Elliott monte à 10% du capital et somme le PDG de Capgemini, Paul Hermelin, de remonter son offre. Ce dernier refuse ! La bataille continue, avec des communications de toute part sur la qualité du projet et la juste valeur d’Altran. Elliott continue à monter au capital, et propose 18 euros … encore refusé par Capgemini.

Le 20 décembre Goldman Sachs déclare avoir acquis 7% du capital d’Altran sans déclarer ses intentions. UBS passe au-dessus de 5%. Les deux banques ont acquis des titres hors marché. Elliott est monté à cette date à 14% !

Capgemini relève le prix payé à 14,5 euros par actions, le 14 janvier 2020. Elliott continue de monter au capital, sans vouloir apporter ses titres.

Prise de contrôle en janvier 2020

Le 27 janvier 2020, l’OPA réussit de justesse, Capgemini obtient 53% du capital. Capgemini rouvre une OPA à 14,50 euros afin d’acquérir le reste des titres. Mais Elliott continue à accumuler des positions (à un prix supérieur à 14,5 euros), mais finit par apporter ses titres mi-mars. Le fonds a invoqué « les conditions de marché qui président actuellement » pour justifier son revirement.

Début avril, Capgemini possède 97% d’Altran et enclenche un retrait obligatoire. Le montant de l’indemnisation versée dans le cadre du retrait obligatoire est égal au prix de l’offre publique d’achat, soit 14,50 euros par action Altran.

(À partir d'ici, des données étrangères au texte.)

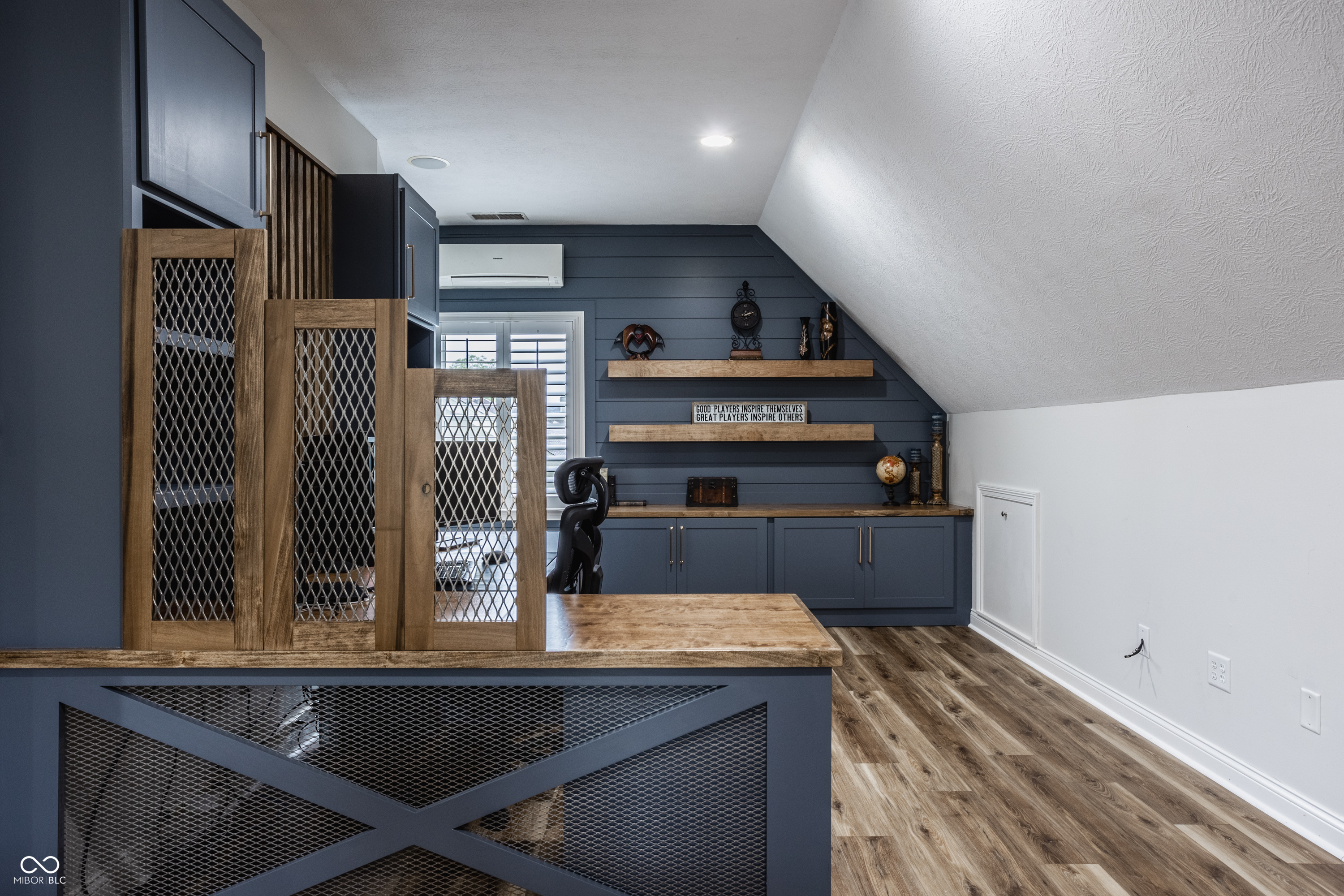 12621 Treaty Line Street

Le graphique ci-dessous représente l’évolution des cours de Altran (en rouge), de Capgemini (en violet), et d’un ETF CAC 40 dividendes compris (en vert), entre 2019 et avril 2020 (sortie de la cote d’Altran).

OPA de Capgemini sur Altran
OPA Capgemini Altran

Conclusion pour les Épargnants 3.0

Les fusions et acquisitions sont des événements courants dans la vie des sociétés. Lorsque les sociétés sont cotées, elles doivent respecter un formalisme, piloté par le régulateur, qui doit garantir l’équité des actionnaires.

Lorsque l’on fait de l’investissement actif, on pourra s’intéresser à ces événements, car ils ont un impact significatif sur la performance des actions et la vie des entreprises.

Lorsque l’on est un investisseur passif, ces événements sont naturellement pris en compte par les indices. Par exemple, si une entreprise du S&P 500 achète une autre entreprise du S&P 500, l’indice va être recalculé en conséquence. En effet, il y a aura un impact sur la capitalisation boursière flottante à la fois de l’acquéreur et de la cible. Si l’entreprise cible est sortie de la cote, il faudra aussi remplacer l’entreprise absorbée par une nouvelle entreprise.

Je vous souhaite le meilleur pour votre épargne et surtout pour tout le reste.